Oh, I'm worried. I'm spinning my wheels and making shit happen but I am so worried that its not going to get me anywhere. Yet again, I'm broke. I get paid on Friday, but still.

Toshiba may or may not be fixing my laptop. They are spouting some bullshit about how the warrantee doesn't cover this, because it has to do with the LCD. Well the fucker doesn't work when I plug an external monitor into it, so clearly it isn't the LCD that's the problem.

Anyway, it looks like I'm not going to have a working laptop again any time soon. I can't work on the book, or anything else. No money to buy a replacement. No money to buy the books I need for research materials. No money for food or gas or anything. No money for the fucking train fare to get to NYC to teach this workshop next month. I don't know what to do.

I just sent out an email announcing a March class, so hopefully I will get some sign-ups. That is the only hope I have right now, aside from the possibility of selling my first book soon. I don't know how long I should wait before asking my agent who she has shopped it to (and whether she has started shoppnig it at all).

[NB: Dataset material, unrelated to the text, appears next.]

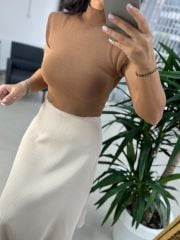 Sg Yarım Balıkçı Kahve Bluz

This is one of those moments where I can't tell for sure whether what I'm doing is really effective and worthwhile or if I'm just spinning my wheels for nothing. Maybe if I pull off this first big st@rling hunt and dinner for the Audubon society people and manage to get someone from the Times or the Post to come. Maybe if I really do pull that off then I'll be convinced again that I'm not just some fuck-up wasting everyone's time.

The really disheartening thing right now is that I busted my ass doing this weekend course a few days ago, and yet there is NOTHING in my fucking pocket afterwards. Nothing. The bills are piling up so much from all directions and the cost of everything has risen so much that nothing I do seems to result in the slightest improvment in my situation.

I need a book advance, or a TV deal that actually PAYS ME. I need something like that and I need it in the next few months or else I don't think I can keep this whole thing up. Something that demonstrates that this whole thing can really produce a proper income.

Lately I have been seriously considering walking away from my house. Arranging to rent something that would certainly be nicer for much less than my mortgage payments, moving out, and just handing the keys and the deed to the mortgage company. If I can't make this new career pay by the end of the year, I think that I will literally walk away from the house and any remaining equity. I've kept all of this shit together for a long time but I'm just exhausted and see so little hope right now.